Sure, it’s a nice-looking, tolerant area where anything goes, but people
sometimes lose their perspective. Because we’re human beings, it’s
still rife with hypocrisy and ridiculous behavior. If we all live in a giant
group-hug world of healing instead of hurting, that’s just as narrowminded
as living in an area where people are mean to each other. Like Will Rogers said,
everybody’s ignorant, just about different things.


You wrote
about offbeat stuff for SF Weekly and elsewhere for a long time. What
attracts you to these subjects?


I started writing
about weirdo culture because I started a magazine called The Nose in
the late 1980s, and burrowing into America’s subcultures was one style
of journalism that young publishers felt would hopefully set them apart from
all the others on the newsstand. Same thing with my column for the SF Weekly.
I would go way, way out of my way to find something strange to write about,
regardless of how it affected me personally. The column was pretty popular,
and I figured it would be more difficult to replace me if I always wrote about
Satanism and strippers and cat taxidermy and dwarf head-fucking.
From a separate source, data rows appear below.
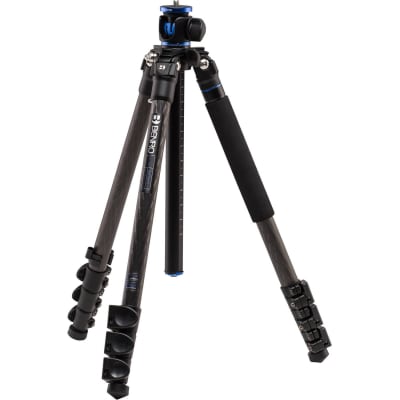 BENRO GC158F GOCLASSIC CARBON FIBER TRIPOD | Tripods Stabilizers and Support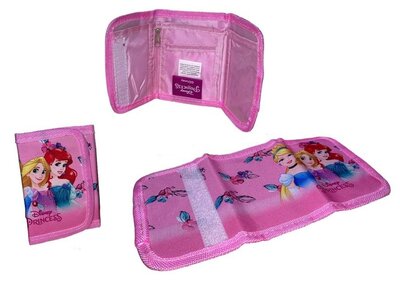 Disney Princess portemonnee met rits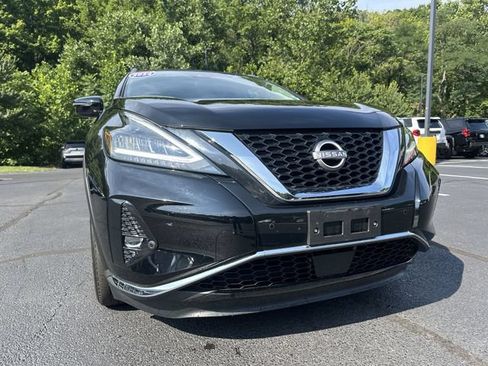Used 2024 Nissan Murano SV AWD/4WD image 11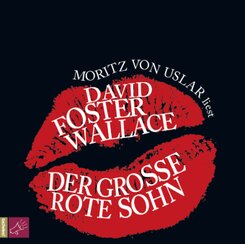 Der große rote Sohn, 2 Audio-CDs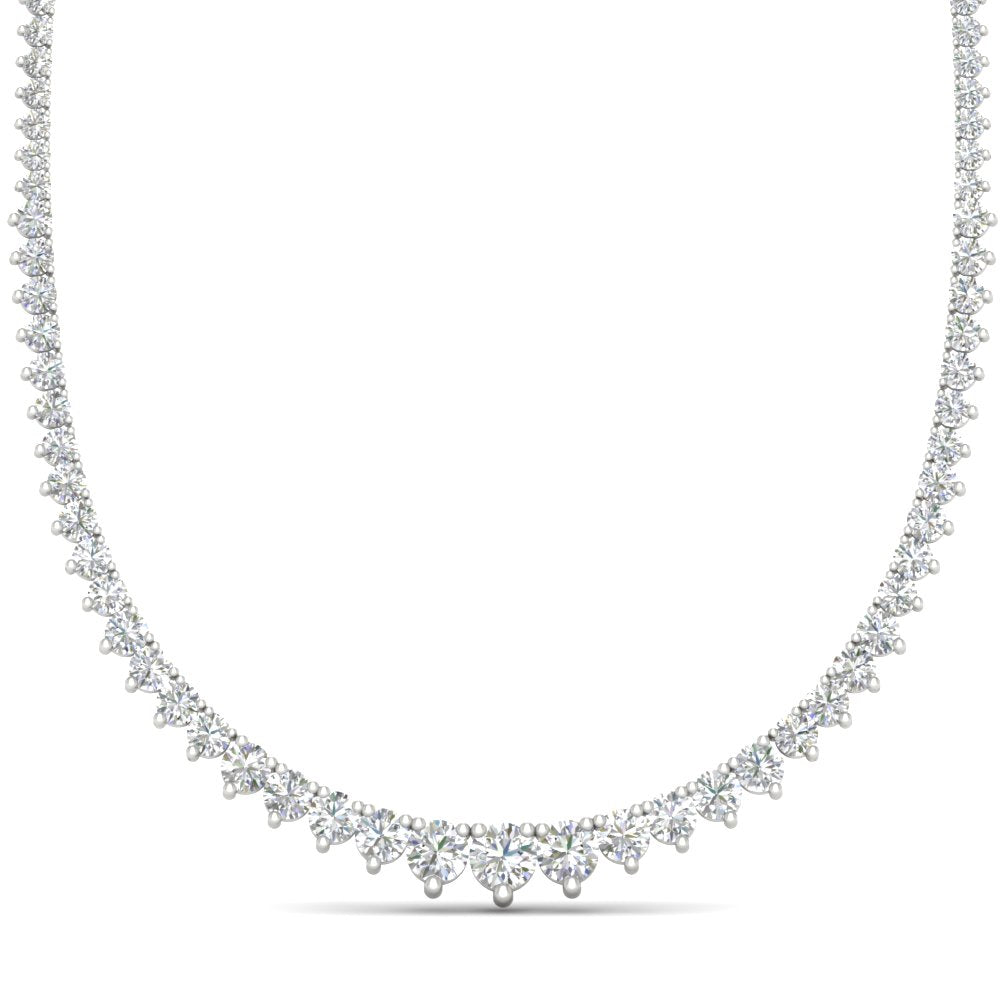 single-line-9-carat-tennis-diamond-necklace-in-FDNK11299RO-ANGLE1-9.00CT-NL-WG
People used
to send me all sorts of fucked-up junk in the mail–death certificates,
videos of monkeys giving birth, things like that. I once answered the phone
and on the other end was a reader who said very conspiratorially that his friend’s
father worked at the same prison where the cannibal Jeffrey Dahmer was incarcerated.
This was just after Dahmer had been beaten up and I think killed in jail. Just
before Dahmer was killed he apparently had been eating a biscuit, and had left
half of it on a table. This kid then told me that he was now in possession of
this half-eaten biscuit. He paused and said, "If you’re interested."
My God, what do you say? I told him I wasn’t, but that he should get it
shellacked as soon as possible.


People seem
to spill their guts to me. I don’t really know why, but they do. I guess
I make them feel comfortable. But it is odd to listen to somebody describe their
life, and even though I personally think it’s very fucked-up or scary or
sad or even plain ridiculous, I sit and nod… I used to feel like I had a psychic
radiation sunburn, like I had looked into a wind tunnel for too long.


Has anyone
ever gotten pissed at you for the way you wrote about them or their business?


Somebody once
mailed me an envelope full of dog shit, because they didn’t agree with
something I wrote about Kurt Cobain’s suicide. I got a lot of hate mail
from the fans of rocker Sammy Hagar, because of a profile I wrote of him–with
accompanying spelling and grammatical errors.